Tyler Perry Studios, Bronner Bros. and Herman Russell's H.J. Russell & Co. are probably the best known of black-owned businesses in Atlanta. The other success stories are tucked into the business pages, in fields like high-tech, marketing, even cleaning services and ''vehicle wraps'' tied to the convention trade.
While the sheer volume and variety of businesses in the Atlanta area make it a prime spot for any entrepreneurs to try their luck, the large African-American community makes it an especially fertile place for black-owned start-ups. Laron Walker, 32, grew up in the southwest Atlanta neighborhood of Pittsburgh. He left the city for about 10 years, getting his bachelor's at Tennessee State and his master's at Purdue, in electrical and computer engineering. He started his software and web design firm, Sciberus, in graduate school in Indiana, but eventually found the market there too small.
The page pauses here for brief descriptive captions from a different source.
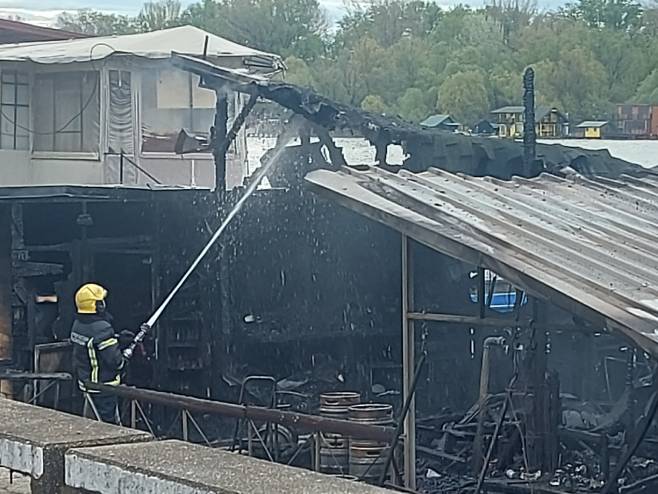 POŽAR NA SPLAVU NA SAVSKOM KEJU: Buktinju gasilo 25 vatrogasaca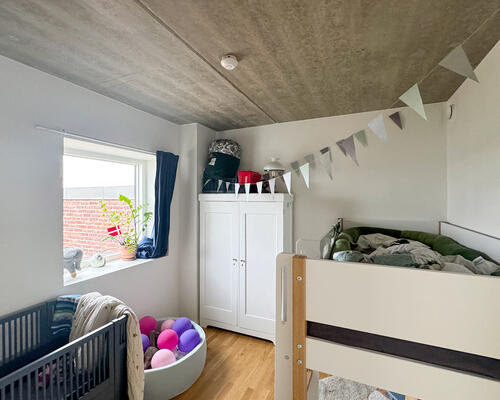 Fantastisk lejlighed med 3 altaner, atriumgård og panoramaudsigt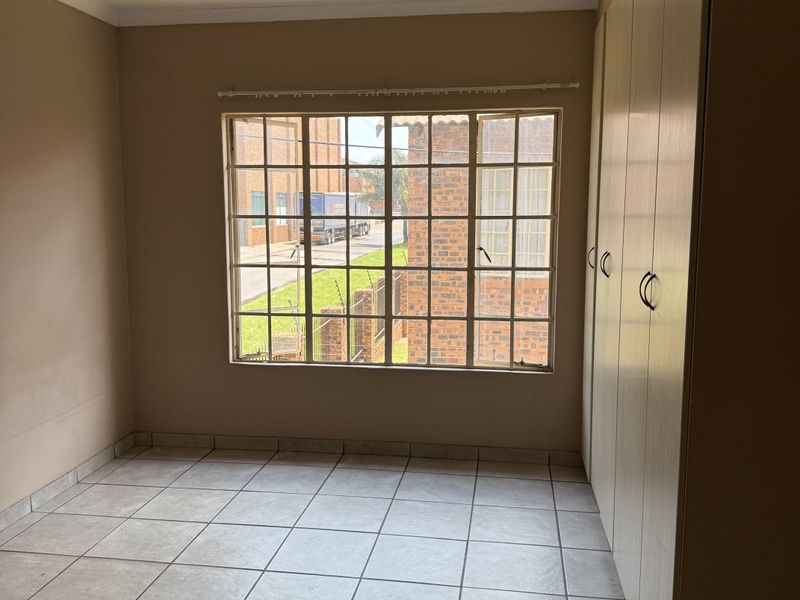 Apartment Rental Monthly In Witbank - Photo 5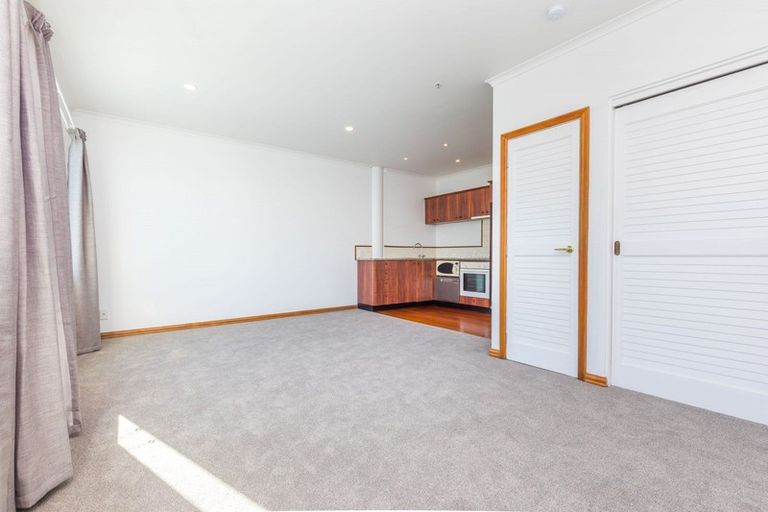 Photo of property in Shed 20 Princes Wharf Apartments, 49/139 Quay Street, Auckland Central, Auckland, 1010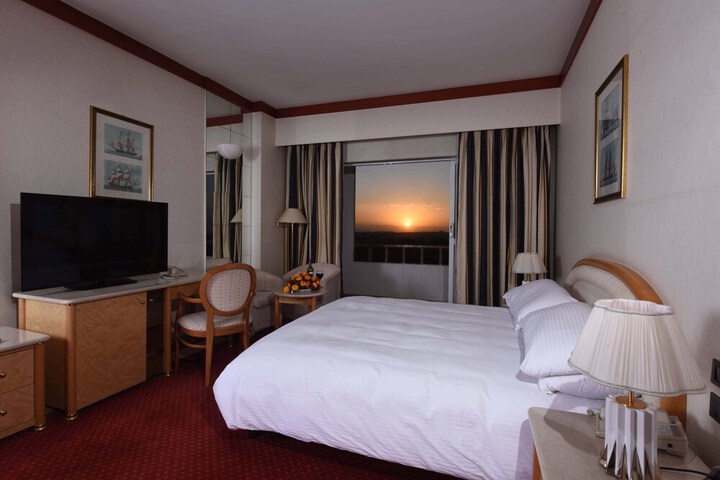 Room 22 of 45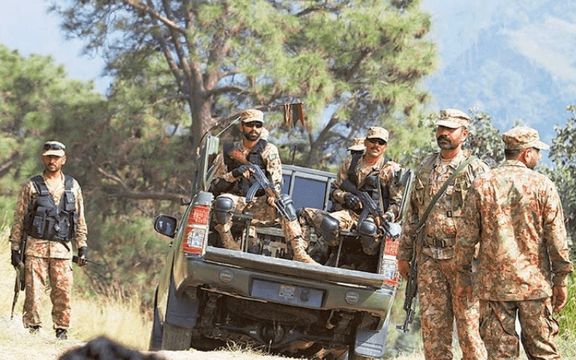 ارتش پاکستان از کشته شدن ۱۴ جنگجو در بلوچستان خبر داد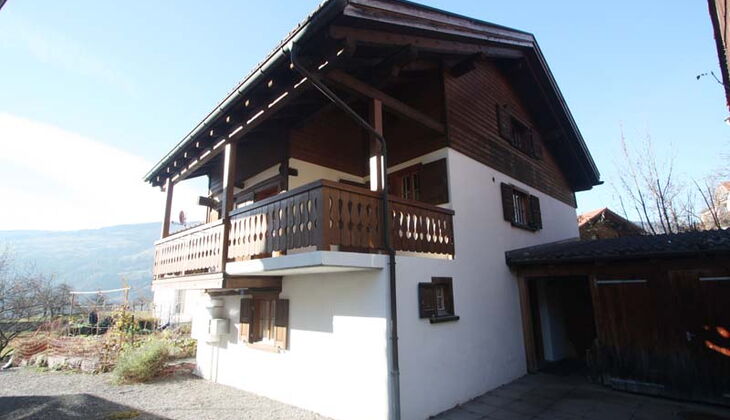 Bauernhaus mit Stall und Garten in Feldis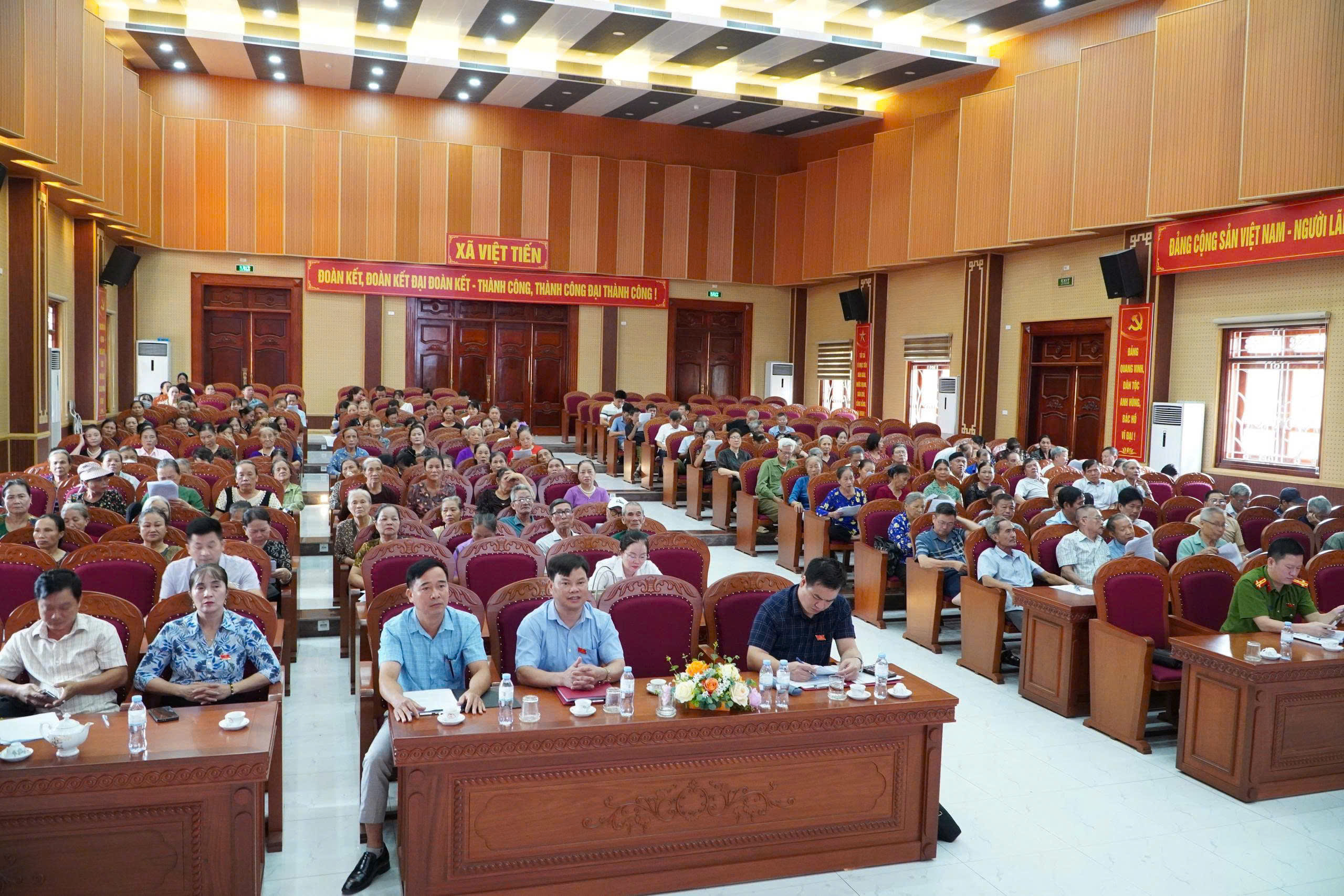XÃ VIỆT TIẾN TỔ CHỨC HỘI NGHỊ TRIỂN KHAI DỰ THẢO ĐỀ ÁN SẮP XẾP THÔN, TỔ DÂN PHỐ; TIẾP XÚC CỬ TRI VÀ ĐỐI THOẠI VỚI NHÂN DÂN NĂM 2026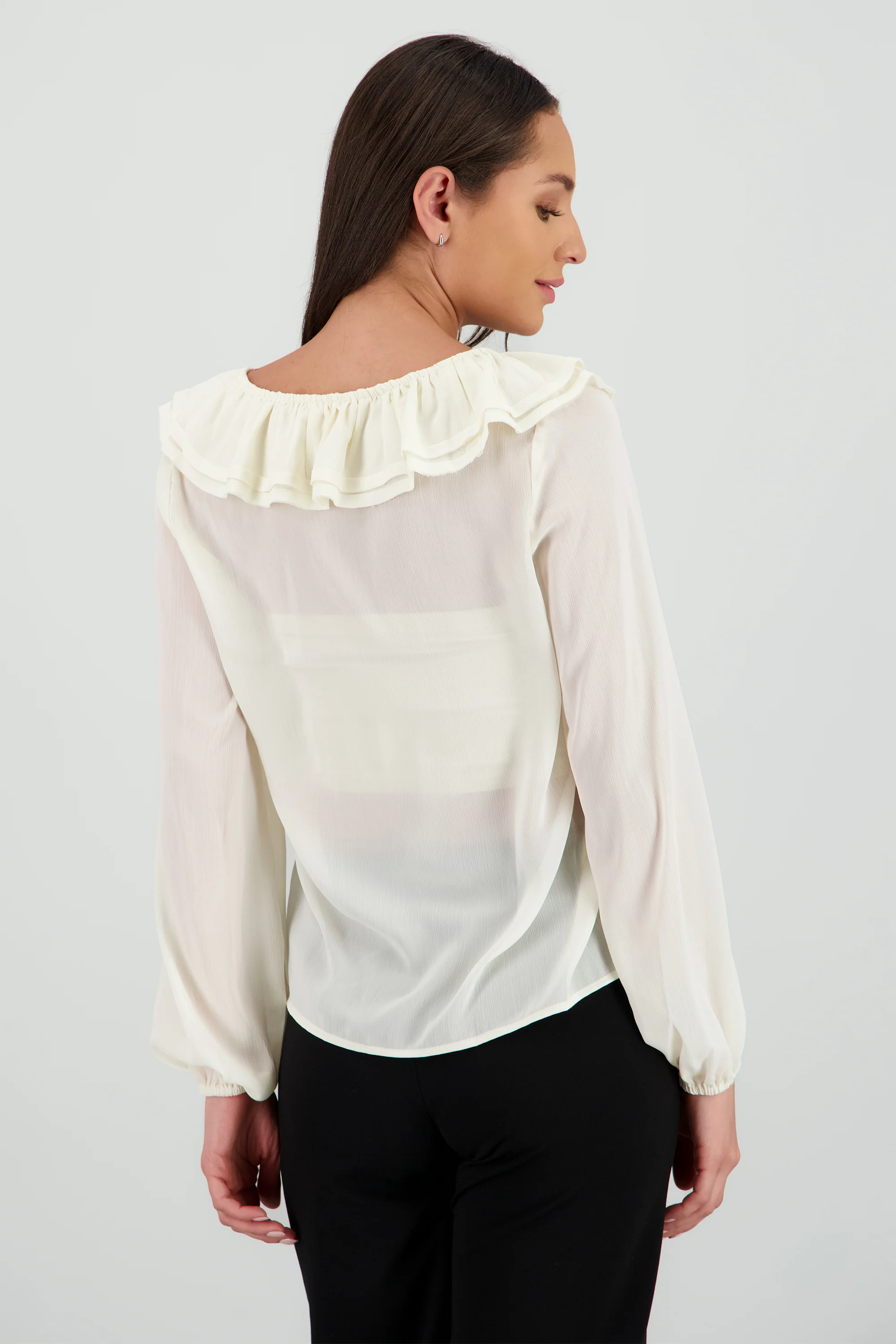 Blusa con escote olanes manga larga - Image 4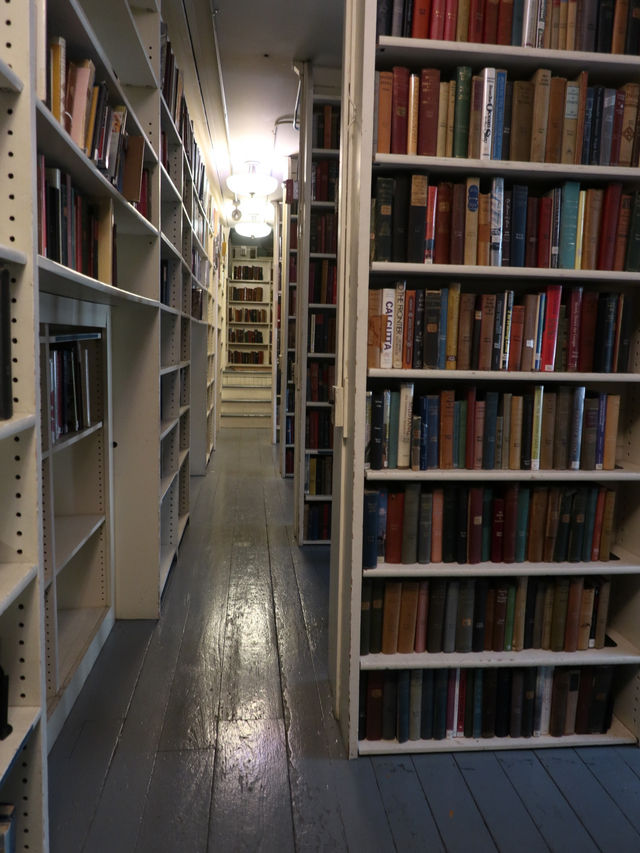 A library of history 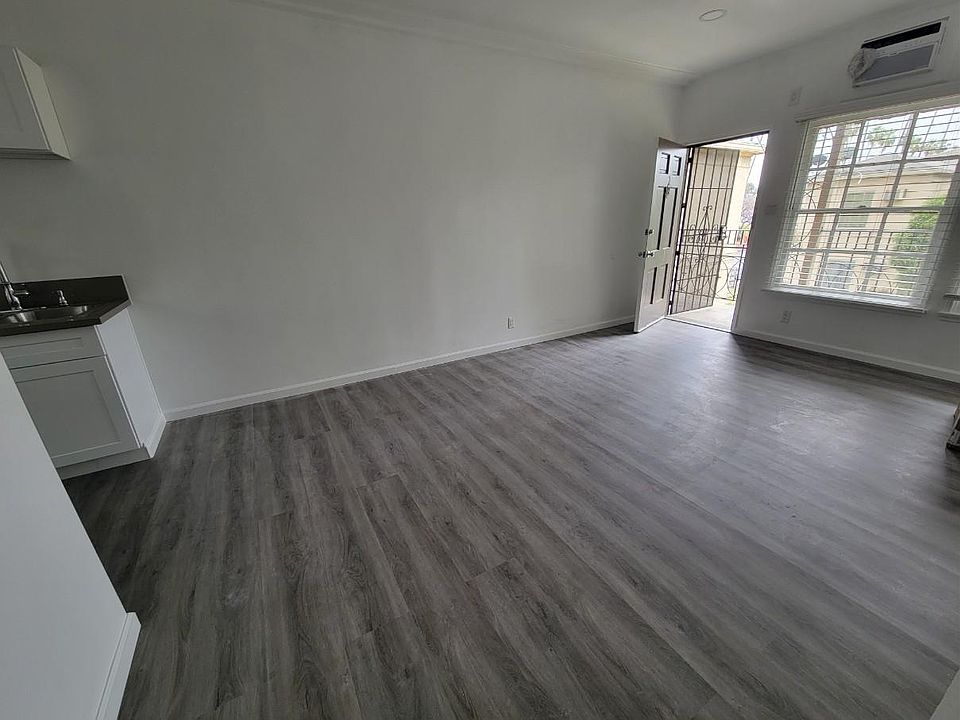 1st image of 1039 S Westmoreland Ave #3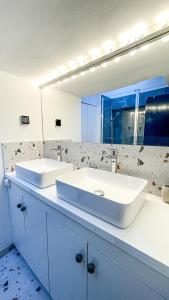 a bathroom with two sinks and a mirror at L'AUTHENTIQUE - Sur le Port - Parking - Wifi in Cassis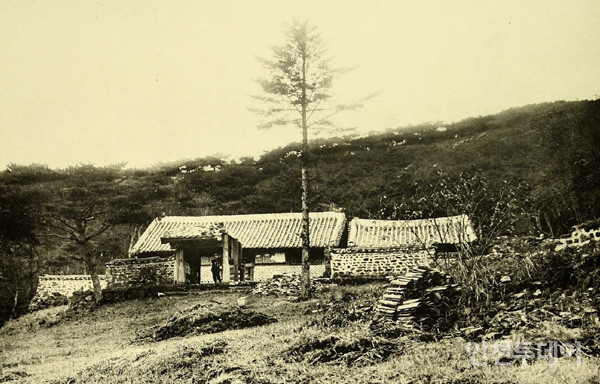 정족산사고(조선고적도보 1931년).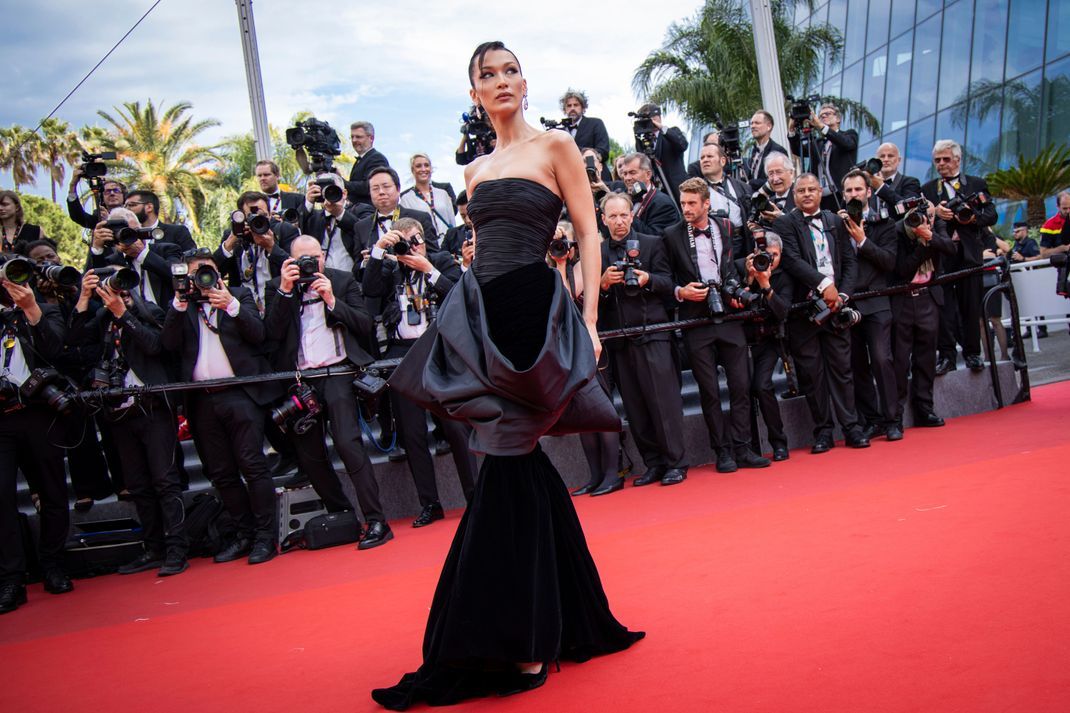Bella Hadids Vintage-Versace-Kleid bei den Cannes Filmfestpielen 2022 ist einer der Lieblingslooks, die Law Roach je gestylt hat.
Four years ago, he moved back home to Atlanta. He found lots of companies that complement Sciberus, and there's an ocean of potential clients to explore. His firm has 20 employees and clients that are mostly state and federal agencies. But among the advantages here has been the network of black businesspeople Walker has entered through the Atlanta Business League, one of several African-American commercial networks.
''I had mentors before, but not people who look like me and can tell me about starting a business from scratch,'' Walker said. ''They're not potential customers, but people who'll give you candid advice and who can introduce you to others.''
That kind of network, the kind that whites have had for generations, may be the step up black Atlantans need to start closing the wealth gap that still persists in Hotlanta.
Neela Banerjee is a writer who lives in Washington, D.C.
Janita Poe contributed reporting from Atlanta.